State expiry is harder than history expiry because the EVM assumes state objects persist forever. While statelessness could shift storage burden to specialized block builders, relying solely on it risks centralization. Hence, state expiry remains crucial.
Proposed Solutions
Partial State Expiry
State is divided into chunks ("stems"). A top-level map tracks which stems are active. Data within stems expires after inactivity (e.g., 6 months), leaving only a 32-byte "stub." Accessing expired data requires a "revival" transaction with a proof.
EIP-7736 implements this using Verkle tree stems (~7936 bytes), grouping account headers, code, and storage slots. Revival ensures user access even after long absences.
Address-Cycle-Based State Expiry
To avoid even stubs, Ethereum could maintain a list of growing state trees, one per cycle (e.g., yearly). Only the latest two trees are stored fully. Accessing older state requires a Merkle proof, which then revives the object in the current tree.
The address cycle mechanism ensures usability: addresses with cycle N can only be accessed in cycle N or later. New objects are stored in current or recent cycles, avoiding proof requirements for fresh deployments.
However, this requires expanding address size beyond 20 bytes, introducing backward compatibility challenges.
Address Space Expansion vs. Contraction
- Expansion: Introduce 32-byte addresses with version, cycle number, and extended hash.
- Contraction: Reserve certain 20-byte addresses (e.g., starting with
0xffffffff) for cycle-based addresses with shorter hashes.
Contraction risks collision attacks on counterfactual addresses (e.g., contracts not yet deployed). While currently requiring ~2^80 hashes, contraction could reduce this to 2^56—within reach of well-resourced attackers.
Remaining Paths Forward
- Adopt statelessness only – Accept slow state growth (~8 TB in decades).
- Partial state expiry – Accept low but non-zero growth.
- Address expansion – Multi-year transition for safety.
- Address contraction – Multi-year risk mitigation.
Notably, address collision risks must be solved regardless—computational advances make 2^80 increasingly feasible.

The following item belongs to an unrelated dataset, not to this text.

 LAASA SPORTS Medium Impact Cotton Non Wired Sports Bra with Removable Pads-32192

Feature Cleanup: Simplifying the Protocol
Complexity undermines security and accessibility. Ethereum must actively prune obsolete features.

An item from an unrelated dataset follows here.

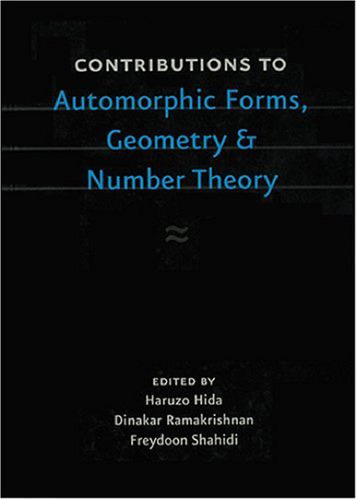 Contributions to automorphic forms, geometry, and number theory: in honor of Joseph Shalika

Key Simplification Opportunities
Outside EVM
- RLP → SSZ: Replace legacy RLP encoding with efficient SSZ.
- Remove old transaction types: Or handle via account abstraction.
- Log reform: Remove Bloom filters (unused); use SNARK-based off-chain log readers.
- Eliminate sync committees: Replace with SNARK-based light client proofs.
- Unify data formats: Merge Merkle Patricia Trees, SSZ, and KZG into one standard.
- Remove beacon chain committees: Obsolete due to L2/blobs.
- Eliminate mixed endianness: Standardize on big-endian (EVM default).
Inside EVM
- Simplify gas mechanics: Unify storage costs; fix memory pricing.
- Remove unused precompiles: Identity, RIPEMD160, MODEXP.
- Make gas non-observable: Breaks some apps but enables future upgrades.
- Improve static analysis: Ban dynamic jumps; enforce EOF.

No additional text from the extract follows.